On August 21,2008, in a text order, the Magistrate Judge mooted Premier’s motion for an extension of time, in addition to two other motions. The mooting of that motion occurred on the same day on which the Magistrate Judge ruled on the Buyers’ motion to compel production. Although not explicitly stated on the record, it appears that the mooting of the motion was merely an administrative act and not a ruling on Premier’s motion for an extension of time.

Premier’s motion for an extension of time was filed on April 7,2008, or thirty-one days after the Buyers’ requests were filed. April 7,2008 fell on a Sunday. Premier’s motion for an extension of time was therefore filed within the thirty-day limitations period of Federal Rule of Civil Procedure 34(b)(2)(A). See Fed. R. Civ. P. 6(a)(3) (“Include the last day of the period unless it is a Saturday, Sunday, legal holiday ....”).

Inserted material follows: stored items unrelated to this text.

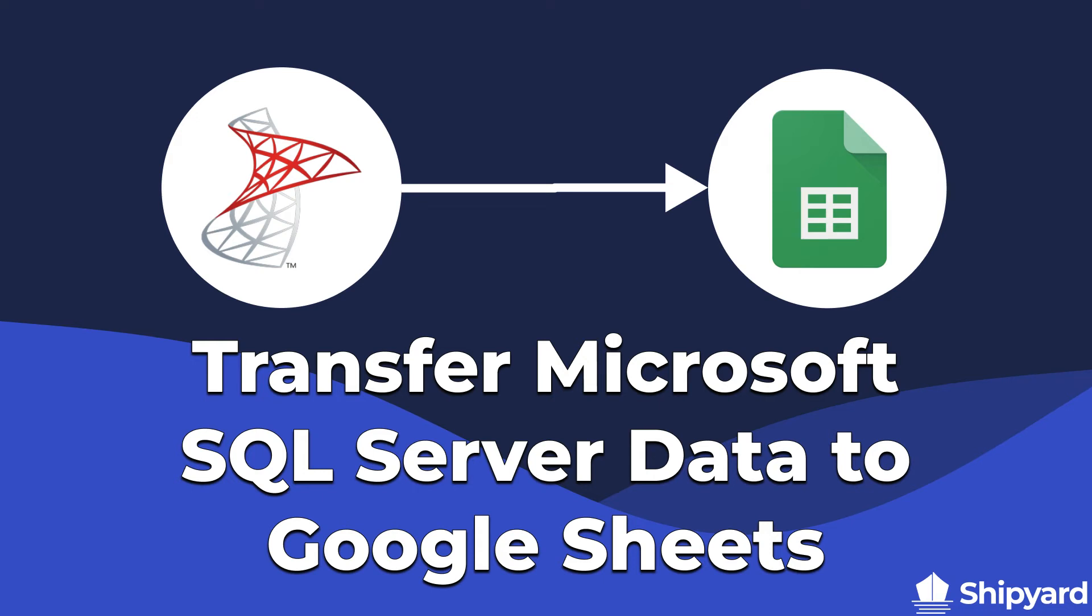In this video we'll be showing you how to send data from Microsoft SQL Server to Google Sheets. Let's dive in.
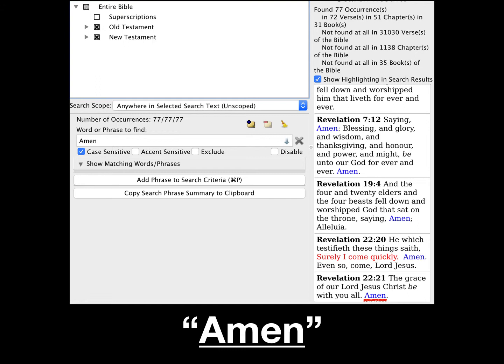Here is the last word found in the King James Bible — the word Amen. Here's a screenshot of the Pure Bible Search software, and you can see that the word Amen, case-sensitive, occurs 77 times in the King James Bible. And 77 is 7 times 11. Seven is a number of completion — God blessed and sanctified the seventh day and completed the act of creation.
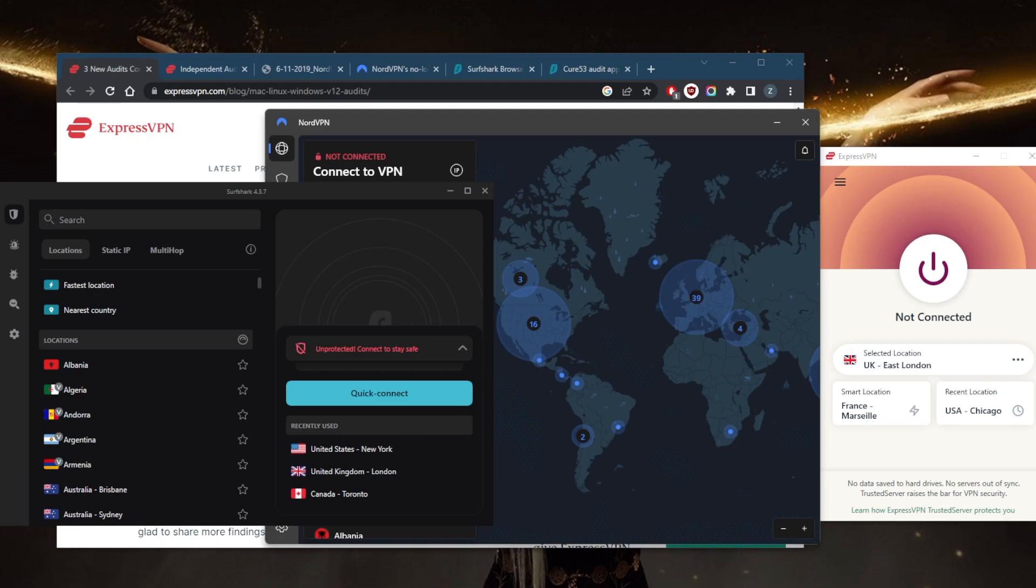VPNs may keep logs for a variety of reasons, such as for performance or diagnostic purposes, or to comply with legal requirements. In contrast, a no-log VPN does not keep any logs or records of your online activity, and that's exactly what you should be looking for.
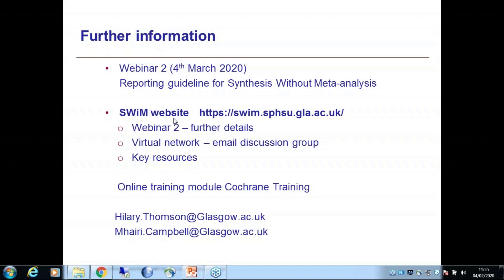Would you say that SWIM offers an alternative to reviews for public health where heterogeneity is important? I'm not sure it's an alternative. I think it's hopefully a step forward to help authors and readers know the sorts of things they should be reporting, and it points people in hopefully the right direction in terms of some guidance on conduct as well.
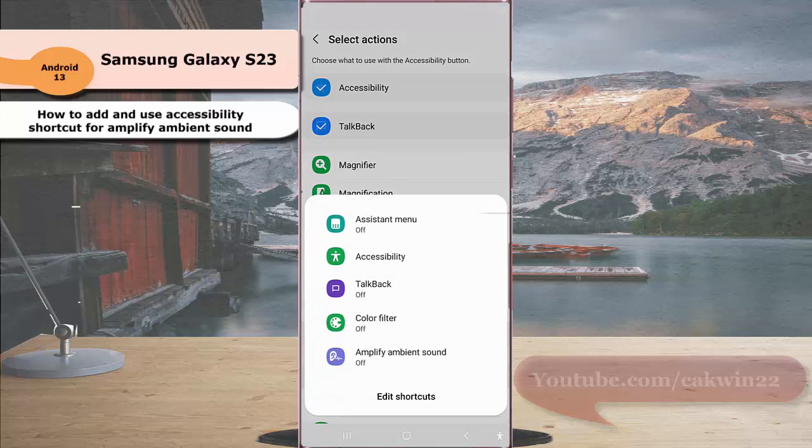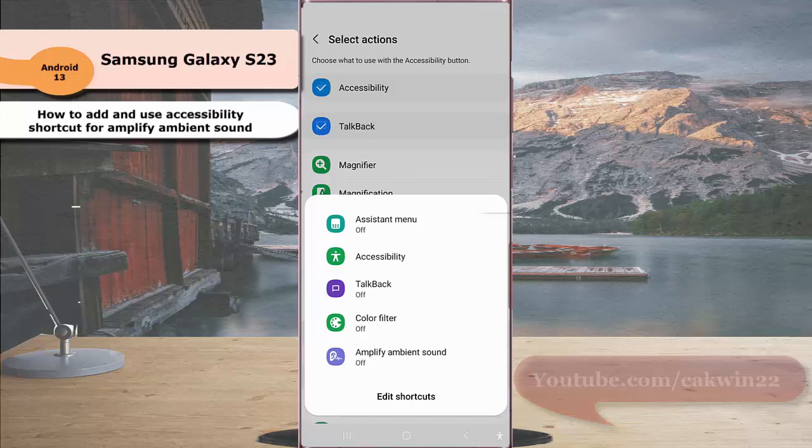When this feature is enabled and you are wearing your headphone or earpads, your phone will amplify sounds around you so you can hear distant sounds clearly and put the focus on conversation, even when you are somewhere noisy. Thank you for watching.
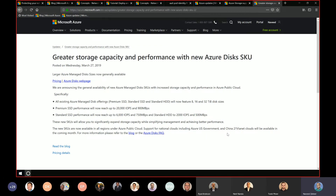One big update: SSD capacity is now going up to 32 terabytes. The sizes available for premium SSD, standard SSD, and standard HDD are now 8, 16, and 32, and of course there are smaller sizes available. With that, there is also the IOPS, throughput, and bandwidth.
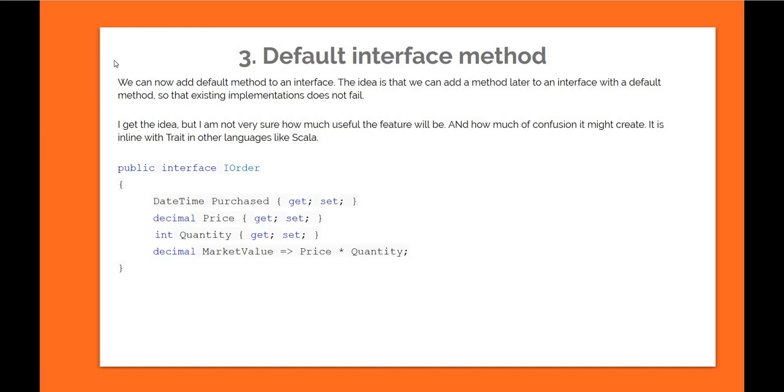In terms of implementation, let's say you have an IOrder interface implemented by EquityOrder and FixedIncomeOrder. Now we figured out that MarketValue should be there as part of the interface, and then you can define MarketValue with the output being multiplication of price and quantity. So now you provide a default implementation for the property MarketValue which doesn't have to be implemented by anyone. In this case it might be useful—in this type of scenario where the implementation is pretty static and doesn't change based on who is implementing the interface. So maybe this feature is useful, but I am still skeptical, I would say.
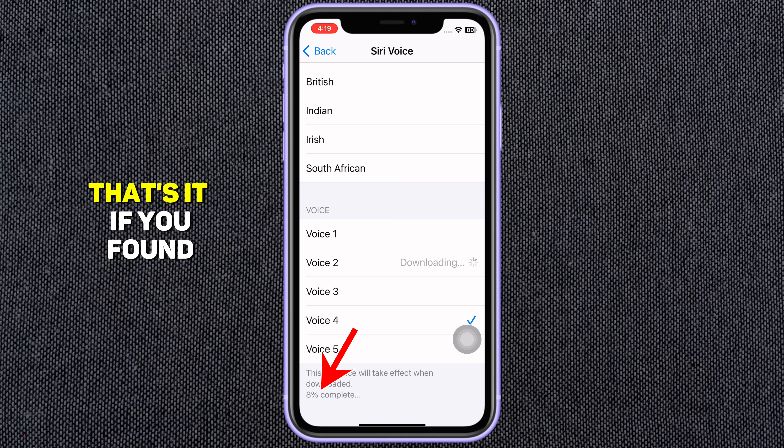The voice files are large, around 400 to 500 megabytes, and it will download to your device. Once downloaded, the selected voice will be applied to Siri. Now Siri will respond in the voice you've chosen.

Unfortunately, this is not the first time that this Court has had to remind litigants of the importance of knowing and following the rules of procedure, see Francis v. United States INS, Civ. No. 2007-71,2008 U.S. Dist. LEXIS 31521, at *3 (D.V.I. Apr. 15,2008) (footnote omitted); Davis v. Ragster, Civ. Nos. 2005-155 and 2005-113, 2008 U.S. Dist. LEXIS 28228, at *3 (D.V.I. Apr. 4,2008) (reminding “litigants appearing before the Court to carefully observe the Local Rules of Civil Procedure and to comply strictly with this Court’s scheduling orders”) (citations omitted), and complying strictly with this Court’s discovery orders, see Francis, 2008 U.S. Dist. LEXIS 31521, at *3-4 (noting that “it is paramount that all litigants comply strictly with this Court’s discovery orders”) (citations omitted).

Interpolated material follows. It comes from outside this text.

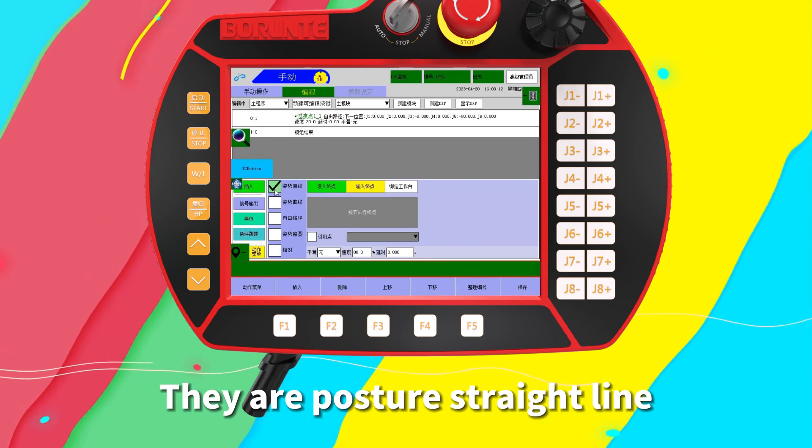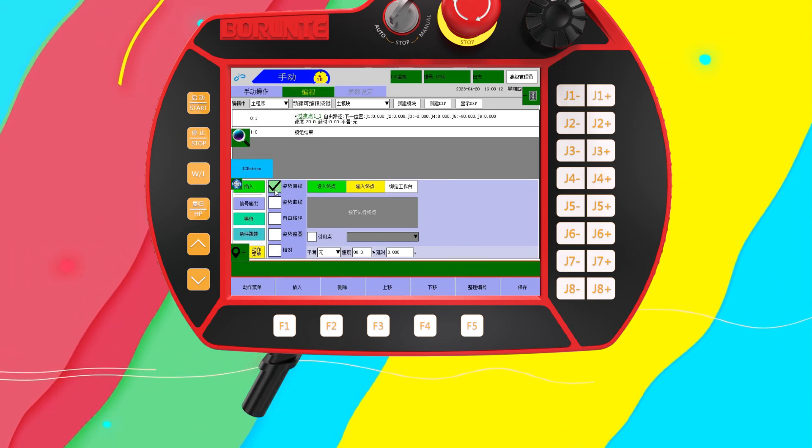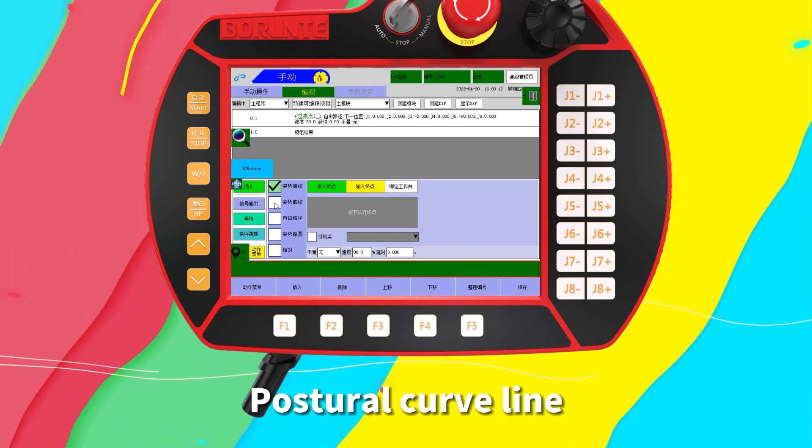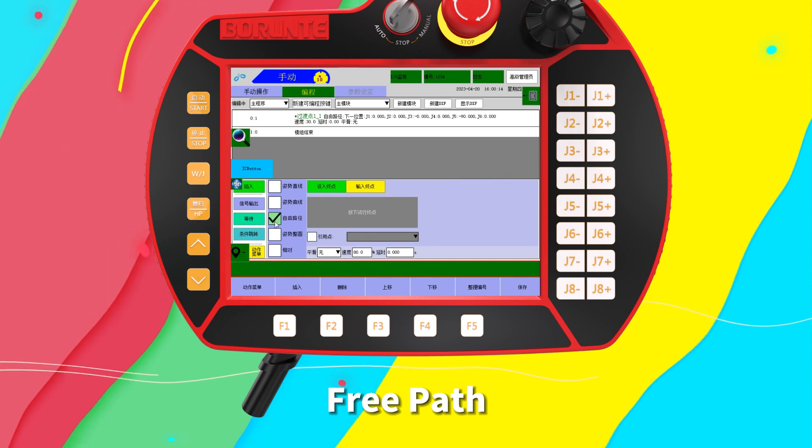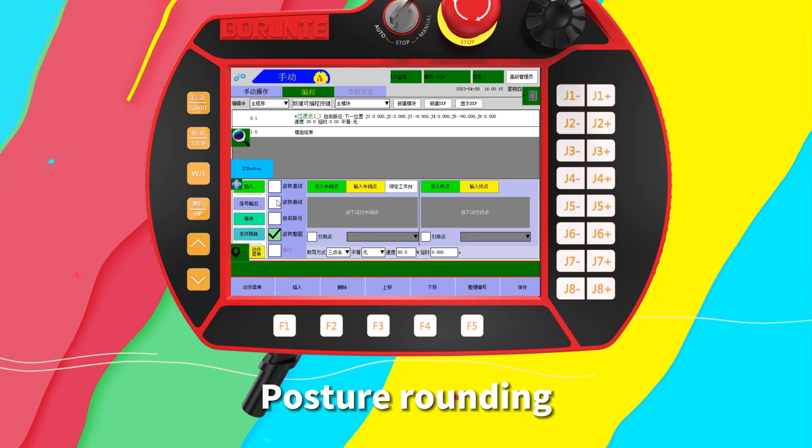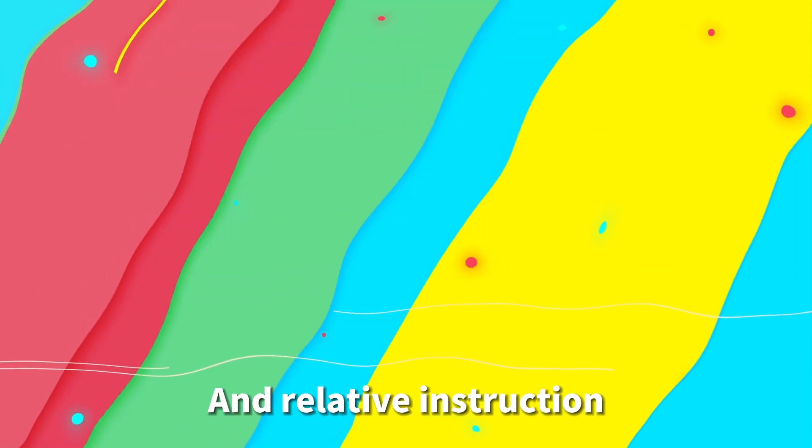They are: posture straight line, postural curve line, free path, posture rounding, and relative instruction.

To the extent Premier and D’Amour might assert that the Magistrate Judge’s Order is invalid, that assertion would fail. In a contempt analysis, “[t]he validity of the underlying order is not open to consideration.” Harris v. City of Philadelphia, 47 F.3d 1311, 1326 (3d Cir. 1995).

Indeed, given the disregard for the rules of procedure and the Magistrate Judge’s orders, it is no surprise that this litigation — which boils down to a breach-of-contract claim — has meandered along for more than four years. The Court will monitor this matter closely to ensure that it does not proceed at a glacial pace.